Memorial Day is all about remembering those in uniform who have died in service of the United States. But it’s also important to remember what they died for. And that is where, too often, those of us left behind have fallen short. The estimated 1 million who have died since 1776 have done their duty, bequeathing their survivors—and yes, we all are truly their survivors—a safer world.
Sure, sometimes it doesn’t seem that way. The U.S. has been engaged in a constant war since October 7, 2001, when bombers and cruise missiles began attacking Afghanistan to punish it for sheltering Osama bin Laden. Total U.S. deaths in the terror war are 6,888 (including 5,388, or 78%, on the battlefield). Its cost is likely to top $6 trillion before the U.S. spends the last dime on the final surviving veteran.

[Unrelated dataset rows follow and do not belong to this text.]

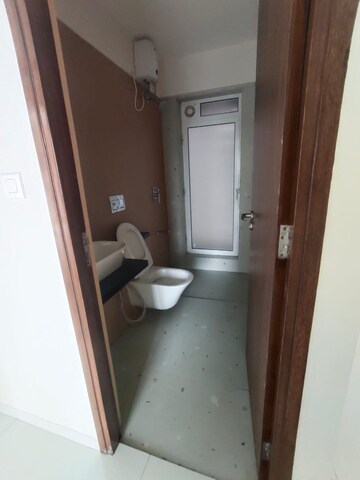 Bathroom in 3 BHK Apartment at BM Satyam Solaris, Deonar – for Rent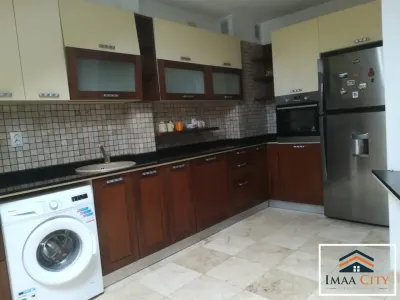 Apartament 4 camere, dispus pe 2 nivele - Iasi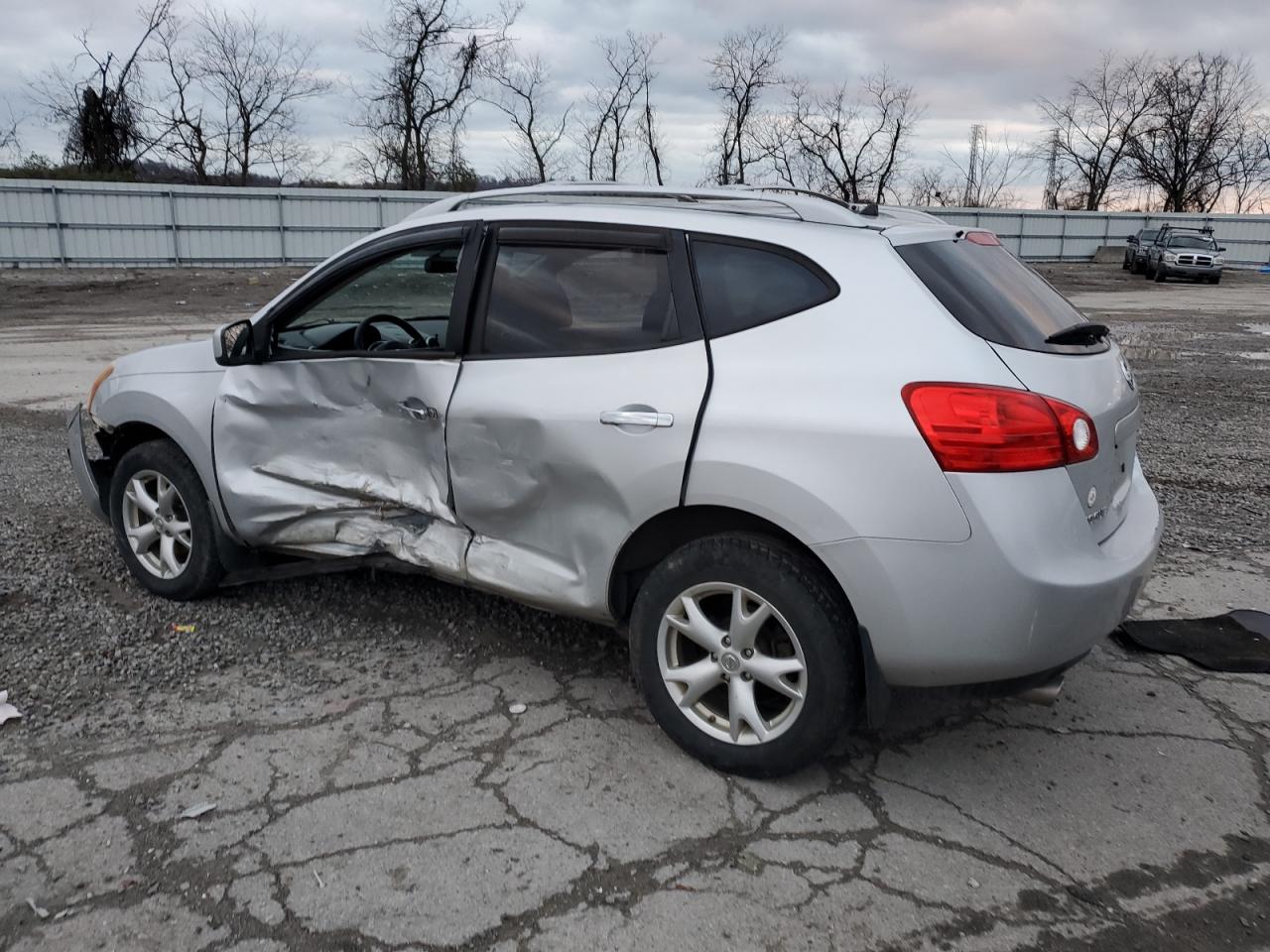 Obraz 2 z 2010 NISSAN ROGUE S 2010 z VIN JN8AS5MV9AW132811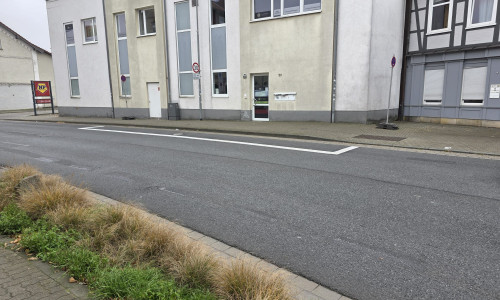 Auf der Dr.-Heinrich-Jasper-Straße wurden neue Markierungen aufgebracht. 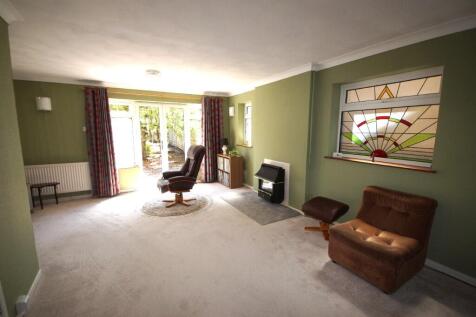 10 Padarn Close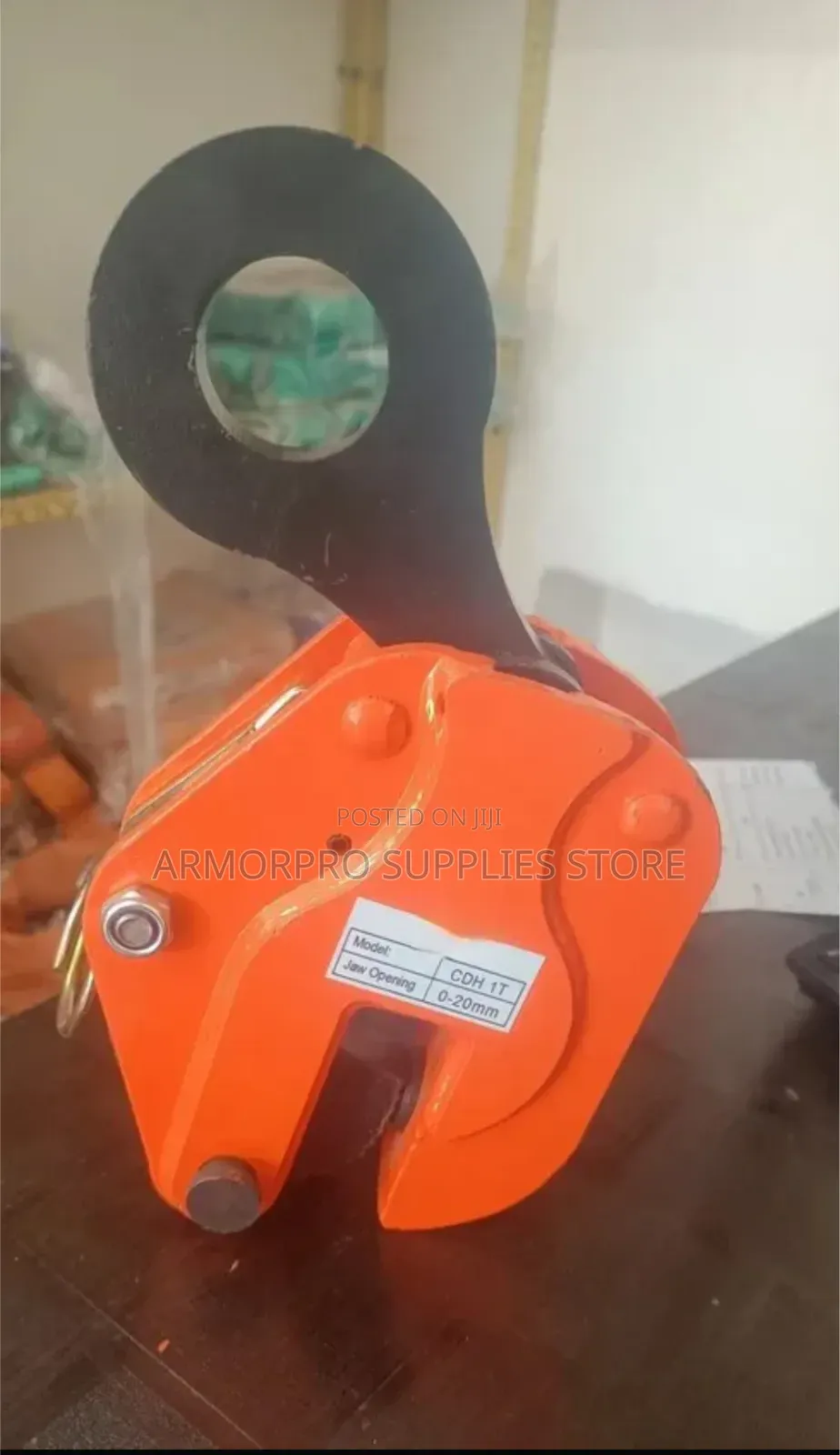 Toyo-Intl Vertical Plate Lifting Clamp, Designed to Securely Grip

The scourge of terrorism, accelerated by the 24/7, always-on media world in which we live, can make it seem that the globe is aflame. But battlefield deaths—which is what we honor on Memorial Day—are down, around the world.
In the United States, some of that bequest is a function of geography and history. A pair of oceans makes for a wonderful moat. But it’s also a legacy of having the world’s best-trained troops. Yes, there are snafus aplenty in today’s U.S. military, but on the whole they do a pretty good job. When they fail—and there’s been a string of less-than-successful ventures lately: Afghanistan, Iraq, and Libya, for starters—it has been their political leaders (the rest of us, in other words), who have let them down.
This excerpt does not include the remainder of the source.